As with a row of dominoes — where the fall of the first triggers a chain of consequences — the latest appointment at the Vatican kicks off several changes for the Church, both in Rome and around the world.
Father Emilio Nappa’s nomination to assistant secretary of the dicastery for the Evangelization of Peoples is the first of a series of new appointments at the Vatican. They involve the most important dicasteries of the Roman Curia — and will also have a global impact.

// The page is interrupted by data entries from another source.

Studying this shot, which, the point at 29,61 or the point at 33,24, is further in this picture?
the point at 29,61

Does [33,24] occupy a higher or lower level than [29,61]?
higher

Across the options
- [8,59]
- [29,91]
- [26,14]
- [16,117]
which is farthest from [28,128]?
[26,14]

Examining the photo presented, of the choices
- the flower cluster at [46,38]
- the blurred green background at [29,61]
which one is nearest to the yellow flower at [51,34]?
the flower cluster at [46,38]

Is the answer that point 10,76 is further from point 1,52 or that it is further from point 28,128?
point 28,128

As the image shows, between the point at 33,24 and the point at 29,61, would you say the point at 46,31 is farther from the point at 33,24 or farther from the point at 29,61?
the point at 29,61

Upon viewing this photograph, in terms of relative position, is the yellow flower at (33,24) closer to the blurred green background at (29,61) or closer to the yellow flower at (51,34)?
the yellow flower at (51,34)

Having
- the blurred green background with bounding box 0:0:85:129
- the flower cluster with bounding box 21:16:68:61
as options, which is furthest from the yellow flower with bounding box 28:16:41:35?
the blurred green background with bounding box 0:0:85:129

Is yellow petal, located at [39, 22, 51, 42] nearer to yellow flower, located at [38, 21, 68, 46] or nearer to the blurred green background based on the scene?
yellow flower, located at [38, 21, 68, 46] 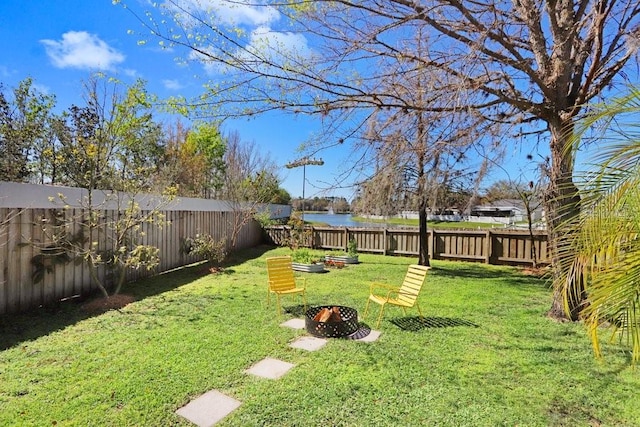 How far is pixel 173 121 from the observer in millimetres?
20609

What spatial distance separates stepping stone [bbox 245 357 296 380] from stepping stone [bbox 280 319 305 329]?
3.47 feet

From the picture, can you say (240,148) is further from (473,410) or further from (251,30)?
(473,410)

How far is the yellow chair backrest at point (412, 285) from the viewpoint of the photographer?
494 centimetres

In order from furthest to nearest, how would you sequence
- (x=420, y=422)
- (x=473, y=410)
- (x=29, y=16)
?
(x=29, y=16) → (x=473, y=410) → (x=420, y=422)

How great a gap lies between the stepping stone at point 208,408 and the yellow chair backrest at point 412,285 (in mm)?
2888

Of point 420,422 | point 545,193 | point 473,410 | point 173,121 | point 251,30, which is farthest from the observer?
point 173,121

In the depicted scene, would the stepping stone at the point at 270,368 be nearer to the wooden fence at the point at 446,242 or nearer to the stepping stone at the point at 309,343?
the stepping stone at the point at 309,343

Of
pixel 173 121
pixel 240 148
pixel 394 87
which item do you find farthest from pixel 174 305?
pixel 173 121

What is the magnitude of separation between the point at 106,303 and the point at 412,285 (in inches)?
187

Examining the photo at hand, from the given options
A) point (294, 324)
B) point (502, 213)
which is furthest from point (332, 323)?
point (502, 213)

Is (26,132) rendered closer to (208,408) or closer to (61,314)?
(61,314)

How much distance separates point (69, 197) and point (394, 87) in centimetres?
574

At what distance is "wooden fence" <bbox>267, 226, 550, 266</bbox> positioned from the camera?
1026 centimetres

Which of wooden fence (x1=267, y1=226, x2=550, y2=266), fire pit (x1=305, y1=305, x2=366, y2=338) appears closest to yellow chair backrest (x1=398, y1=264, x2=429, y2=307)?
fire pit (x1=305, y1=305, x2=366, y2=338)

Father Nappa is called to take the place of Archbishop Giampietro Dal Toso, both as assistant secretary of the dicastery and president of the Pontifical Mission Societies. Archbishop Dal Toso left his office after five years and after just over 25 years in the service of the Roman Curia, which he had entered in 1996 as an official of the then Pontifical Council Cor Unum.
Following the principles of Praedicate evangelium, Pope Francis did not renew his appointment after the five-year mandate.
Instead, the Pope chose a priest already in the service of the Roman Curia, where he served first as an official of the General Affairs section of the Secretariat of State. In September, Father Nappa was briefly made an official of the Secretariat for the Economy.
Father Nappa is, in other words, an internal choice: a young priest with good diplomatic-administrative experience and a stint in the field of economics who is now expected to help manage the Pontifical Mission Societies.
For Archbishop Dal Toso, there is talk of a future as a nuncio, a “papal ambassador” — even though he is not a trained diplomat.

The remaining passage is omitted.